At the end of 2007, at least 35,000 prescribers were actively e-prescribing. By the end of 2008, estimates indicate there will be at least 85,000 active users of e-prescribing. While e-prescribing is growing rapidly, the adoption level at the end of 2007 represents only about six percent of physicians. As a result: only two percent (2%) of the prescriptions eligible for electronic routing in 2007 were transmitted electronically

Among the challenges listed in the report that limit widespread adoption of e-prescribing technology are the following:

  • Financial burdens – Physician practices face varying financial burdens related to e-prescribing, including covering the implementation, training and maintenance costs.
  • Workflow changes and change management – Although e-prescribing efficiencies and time savings are gained in the long run, introducing e-prescribing, and electronic health records (EHRs), can be difficult, time consuming, and requires adequate planning, training, and support, particularly in the beginning.
  • Continued needs for greater connectivity.
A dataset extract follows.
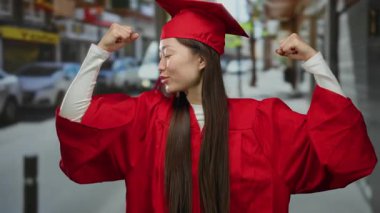 Kırmızı mezuniyet elbisesi giymiş bir kadın, şehir sokaklarında başarı ve başarı sergileyerek akademik bir ortamda kutlama yapıyor..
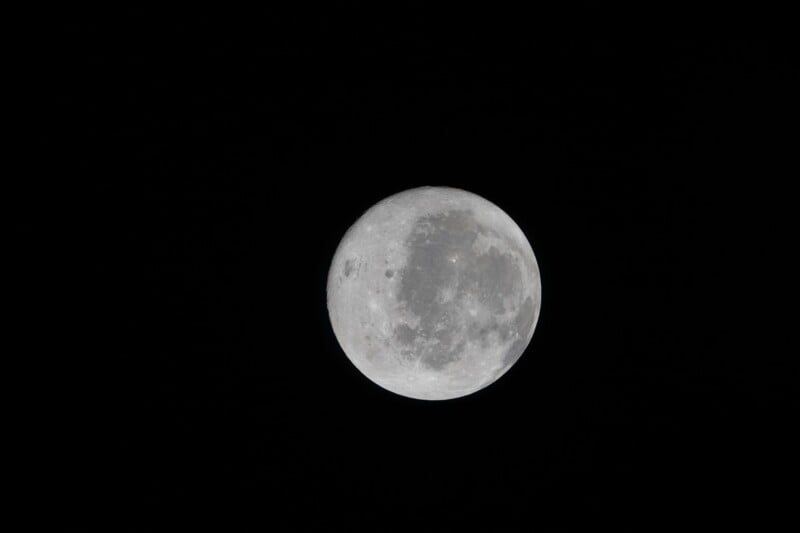 A bright full moon is centered against a black night sky, with visible craters and surface details.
The infrastructure exists for connectivity among pharmacies, physician practices, payers and pharmacy benefit managers (PBMs), but some pharmacies, payers/PBMs and mail order pharmacies are not yet connected.
  • Medication history – Although e-prescribing is an improvement over relying on paper medical records and patients’ memories, the information that is available may not always be comprehensive or accurate and therefore tools to adequately reconcile medication histories from multiple sources are needed.
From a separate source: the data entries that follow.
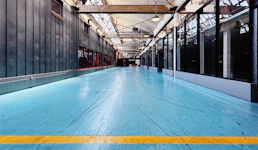 A large room with a blue floor and a yellow line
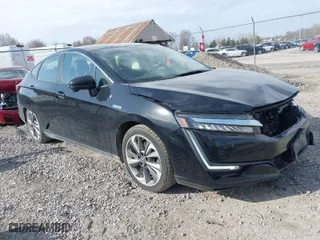 2018 Honda Clarity Plug-In Hybrid with VIN JHMZC5F12JC017148, listed as a IAAI auction lot 41829504 with 98,382 mi miles. Bid and sale history available at carsss.com. Image 1.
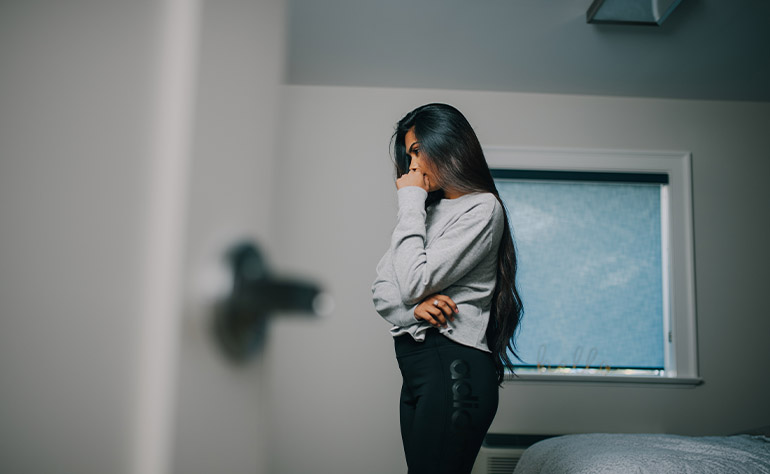 Woman person in her quarters coping with depression symptoms.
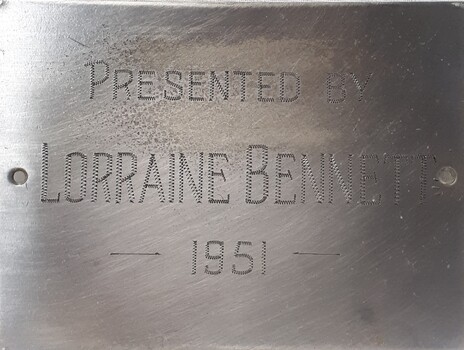 Metal plaque with dedication inscription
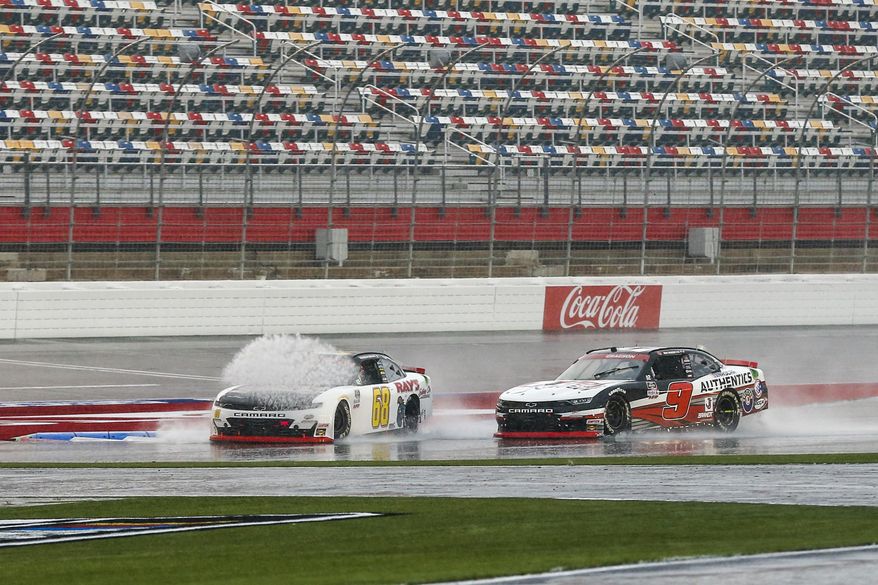 Brandon Brown (68) hits a puddle in front of Noah Gragson (9) during a NASCAR Xfinity Series auto race at Charlotte Motor Speedway in Concord, N.C., Saturday, Oct. 10, 2020. (AP Photo/Nell Redmond)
The report also provides concrete recommendations to address these barriers and move e-prescribing into mainstream practice. Recommendations in the report include:

  1. Adoption and effective use of e-prescribing. All prescribers should adopt e-prescribing as it becomes a mainstream model of care, including small practices, small hospitals, and long term care facilities.
  2. Replicate and expand successful incentive programs. Align incentives developed by federal and state governments, payers, employers, health plans, and health systems.
  3. Address the DEA ban on e-prescribing controlled substances. The federal government should act soon to end the DEA ban on e-prescribing of controlled substances to eliminate the need for physicians to manage duplicative work processes.
  4. Create a public-private multi-stakeholder e-prescribing advisory body. The e-prescribing advisory body must be created to monitor, assess and make recommendations to accelerate the effective use of e-prescribing, and should be made up of diverse stakeholders across every sector of health care.
  5. All stakeholders should advance the e-prescribing infrastructure. The industry should encourage all pharmacies to accept electronic prescriptions and provide medication history information, all payers/PBMs to deliver formulary, eligibility, and medication history information through e-prescribing, and all vendors to deploy and support high-quality e-prescribing applications.
  6. Continue development of additional standards for e-prescribing. While fully connected e-prescribing is delivering real benefits based on the national standards in place today,additional standards development and adoption processes should be supported and accelerated and all stakeholders, including the federal government and the private sector, must be involved.

eHI and The Center also announced a collaboration with some of America’s leading medical societies, including the American Academy of Family Physicians (AAFP), the American College of Physicians, the American Medical Association (AMA), and the Medical Group Management Association (MGMA) to create a detailed practical guide for prescribers.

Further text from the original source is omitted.